Work instructions
Begin at the line containing "Jeff_Gray - @jeff_gray5 - Instagram" and copy exactly through the last line of the listing, skipping every picture.

Records shown
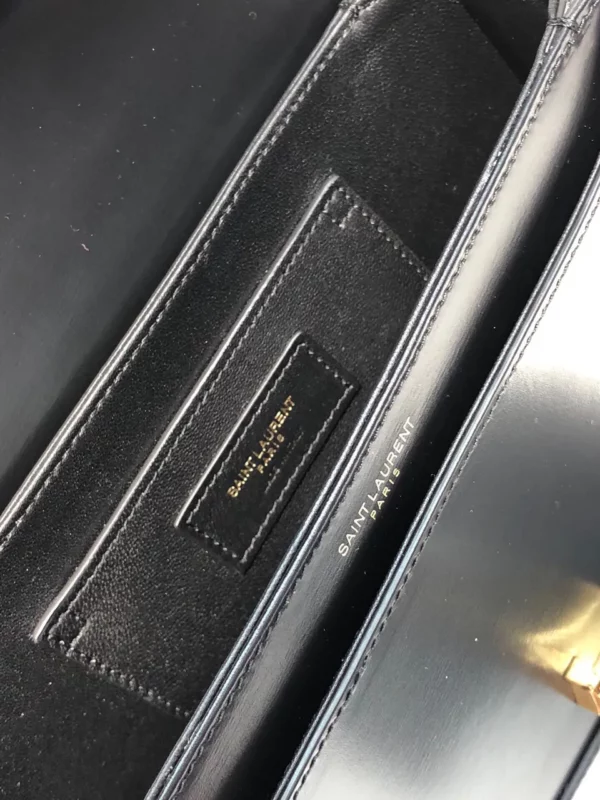 Saint Laurent bag - rep bags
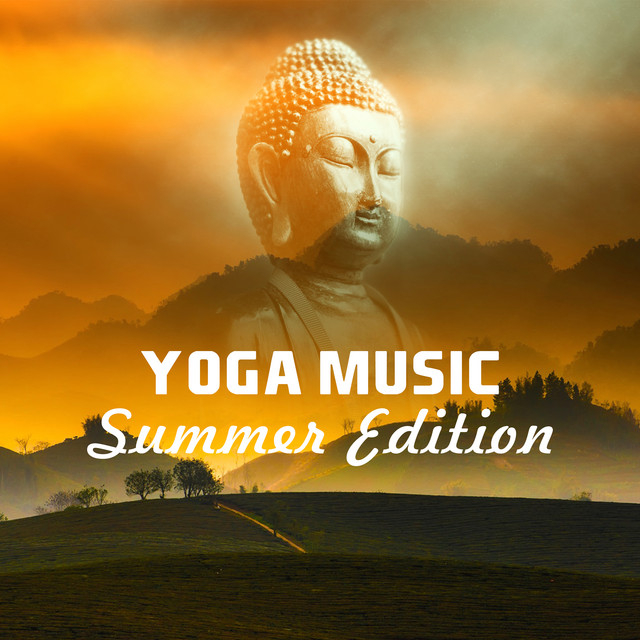 Tides of Being Summer Edition cover art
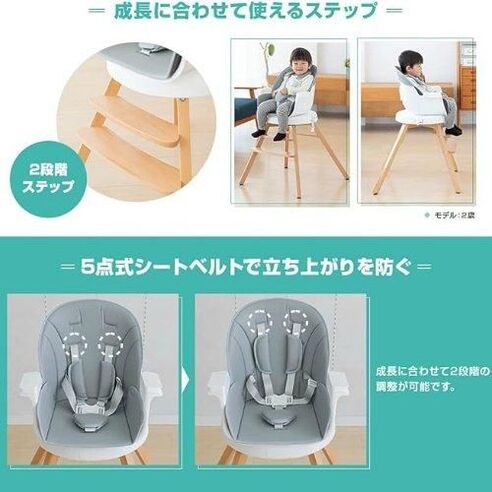 サムネイル3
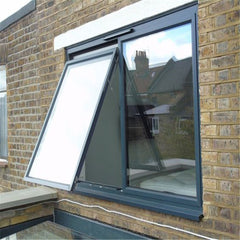 Outdoor Awning Window Best Seller Reasonable Price List  Canopy Awning Window For Quezon City Metalcraft Window Awning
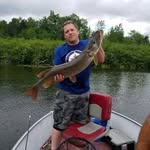 Jeff_Gray - @jeff_gray5 - Instagram
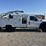 2012-ford-f550-image-4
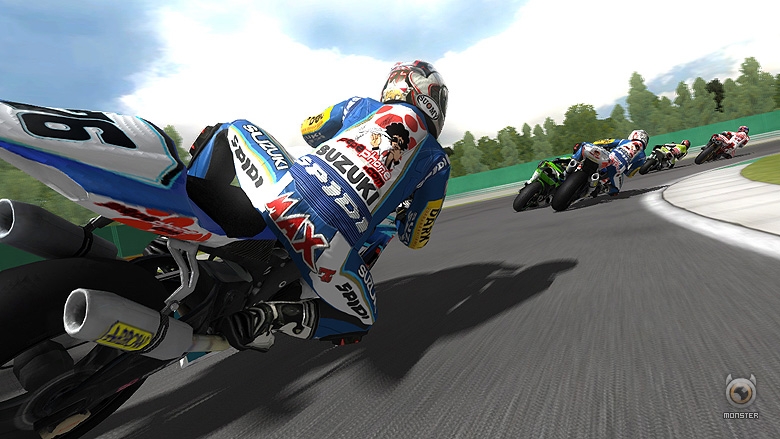 SBK-Demo-Races-on-to-XBL SBK Demo Races on to XBL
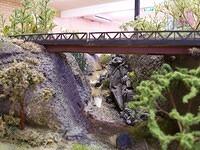 Rocky Outcrop 06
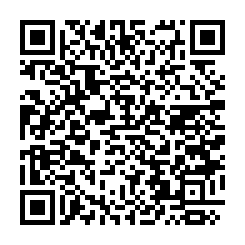 QR Code for bitcoin:bitcoin:bitcoin:bitcoin:bitcoin:bitcoin:bitcoin:1HVcojGAupKjQvYc3KuDEdsSCY2cwkG2CF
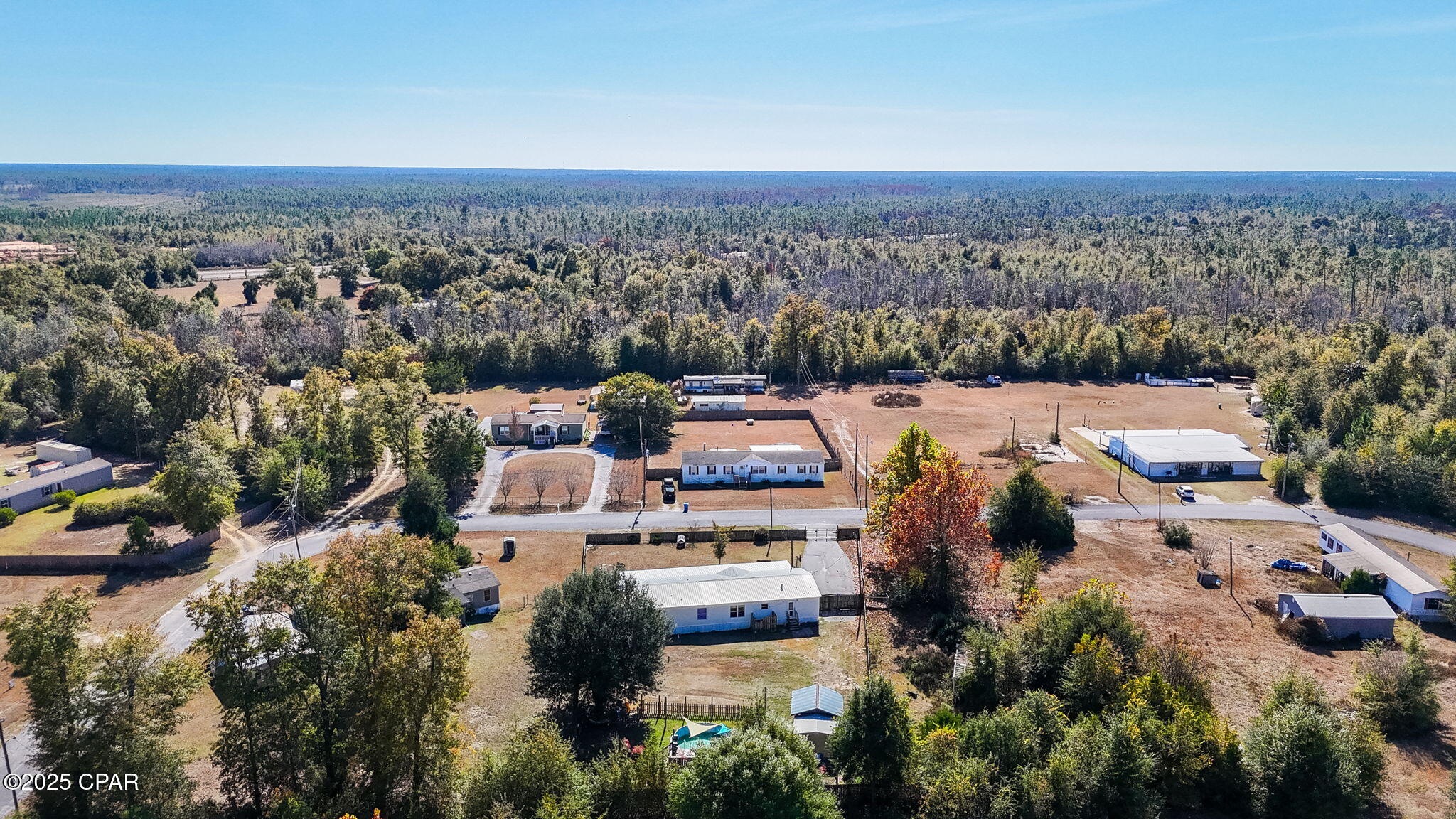 Image 52 For 8355 Angie Circle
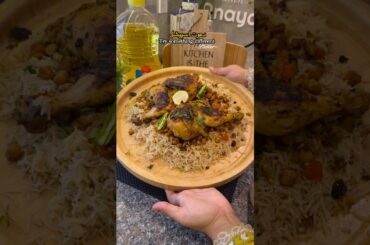 Dawat Special #food #breakfastsandwich #breakfastfood #recipe #healthybreakefast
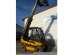   JCB TLT30D, 
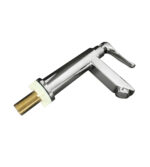 Grifería pesada 101304 - Imagen 2
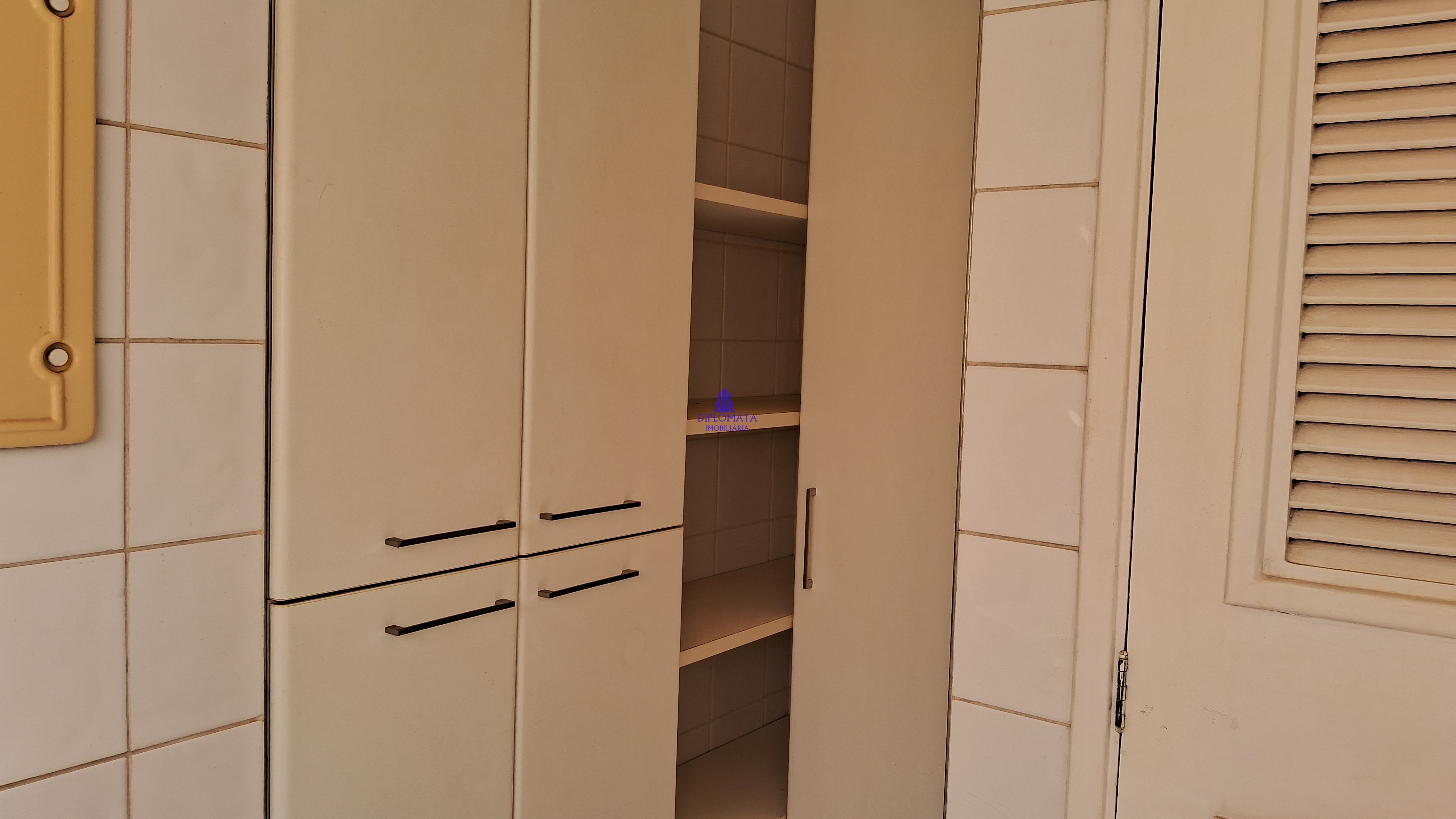 Apartamento, 3 quartos, 132 m² - Foto 42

Response to the exercise
 Jeff_Gray - @jeff_gray5 - Instagram
 2012-ford-f550-image-4
 SBK-Demo-Races-on-to-XBL SBK Demo Races on to XBL
 Rocky Outcrop 06
 QR Code for bitcoin:bitcoin:bitcoin:bitcoin:bitcoin:bitcoin:bitcoin:1HVcojGAupKjQvYc3KuDEdsSCY2cwkG2CF
 Image 52 For 8355 Angie Circle
 Dawat Special #food #breakfastsandwich #breakfastfood #recipe #healthybreakefast
   JCB TLT30D, 
 Grifería pesada 101304 - Imagen 2
 Apartamento, 3 quartos, 132 m² - Foto 42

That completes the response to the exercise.